Task prompt -
Give the number of lines containing "want" in this listing, with no other words.

Records supplied -
○ ○ ○

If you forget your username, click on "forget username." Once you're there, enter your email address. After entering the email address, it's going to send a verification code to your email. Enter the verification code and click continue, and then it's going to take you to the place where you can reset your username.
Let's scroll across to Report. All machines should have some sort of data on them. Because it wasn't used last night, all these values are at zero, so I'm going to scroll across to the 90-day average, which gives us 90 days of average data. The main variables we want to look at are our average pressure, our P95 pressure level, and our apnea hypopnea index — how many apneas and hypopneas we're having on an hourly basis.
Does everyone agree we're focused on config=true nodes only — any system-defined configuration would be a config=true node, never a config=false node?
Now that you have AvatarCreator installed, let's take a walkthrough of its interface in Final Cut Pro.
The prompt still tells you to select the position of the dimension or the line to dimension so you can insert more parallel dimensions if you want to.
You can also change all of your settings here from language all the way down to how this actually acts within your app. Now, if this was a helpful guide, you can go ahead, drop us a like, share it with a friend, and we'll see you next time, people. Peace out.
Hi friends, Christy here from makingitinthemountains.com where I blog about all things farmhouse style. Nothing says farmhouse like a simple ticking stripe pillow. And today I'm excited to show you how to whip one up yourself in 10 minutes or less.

○ ○ ○

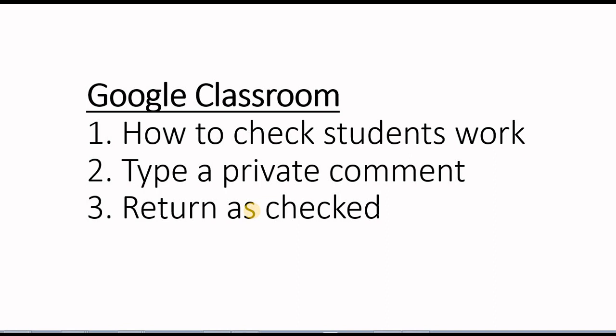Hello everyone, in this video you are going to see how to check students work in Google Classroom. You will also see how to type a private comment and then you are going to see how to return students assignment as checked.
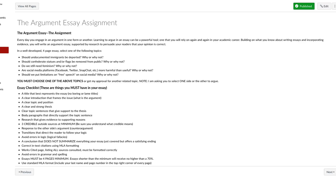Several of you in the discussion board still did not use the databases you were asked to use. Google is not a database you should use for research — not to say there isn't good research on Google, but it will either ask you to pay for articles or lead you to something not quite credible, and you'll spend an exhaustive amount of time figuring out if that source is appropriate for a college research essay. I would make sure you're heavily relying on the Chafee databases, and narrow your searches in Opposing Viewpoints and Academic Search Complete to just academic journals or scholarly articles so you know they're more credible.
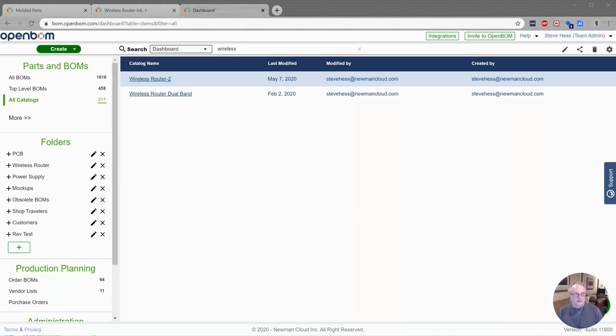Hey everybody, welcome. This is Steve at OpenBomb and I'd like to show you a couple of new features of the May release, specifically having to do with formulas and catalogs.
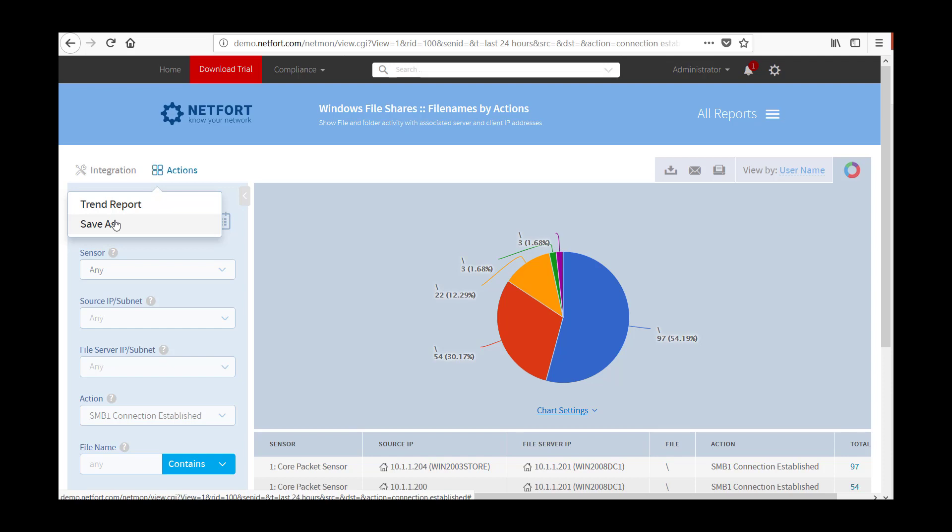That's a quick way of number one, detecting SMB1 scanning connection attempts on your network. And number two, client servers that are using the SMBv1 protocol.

○ ○ ○

Exercise output -
2